Monthly Archives: May 2012

Sunny Spot’s Caribbean State of Mind


SALT COD BRANDADE BENEDICT

In that fleeting moment when the ocean air still hangs thick over Venice before dissolving into a golden haze, the city slows to still life. Cars shudder to a stop, gulls flap fruitlessly against the wind and waves fall silently upon the shore. At Sunny Spot, the six-month-old restaurant from Kogi mastermind Roy Choi and Westside impresario David Reiss, that moment is meant to last forever, a picture both of California cool and Caribbean fantasy. This is where you come to imagine those wasted days on a white-sand beach, a slug of rum and a plate of jerk chicken your only itinerary.

Sunny Spot is Choi’s first restaurant that doesn’t directly deal with his cosmopolitan vision of the Angeleno appetite. Back in 2008 when Kogi’s bulgogi tacos and kimchi quesadillas sent legions groaning hungrily into the night, Choi created a cuisine that perhaps more accurately reflected Los Angeles than a census ever could. Choi didn’t simply capture the city’s zeitgeist; he became it.

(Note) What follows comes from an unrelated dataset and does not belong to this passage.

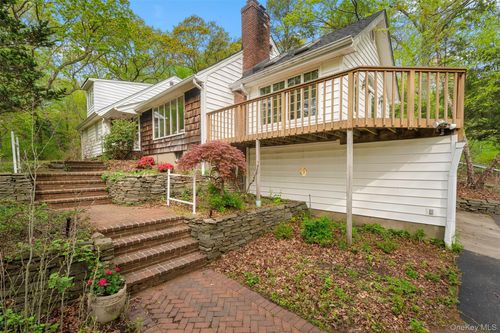 230 Sweet Hollow Rd, Huntington, NY, 11743-6534 | Card Image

It wouldn’t be wrong to attribute that success to a providential sense of good timing. But there’s also something to Choi’s fanciful cooking. His dishes at Kogi as well as Chego and A-Frame often feel as if they’re composed with a kind of surrealist automatism, flavors extracted from the culinary subconscious and assembled on the plate without any measure of restraint. What results is sometimes sloppy and not always successful, but it often is exactly what Angelenos want to eat.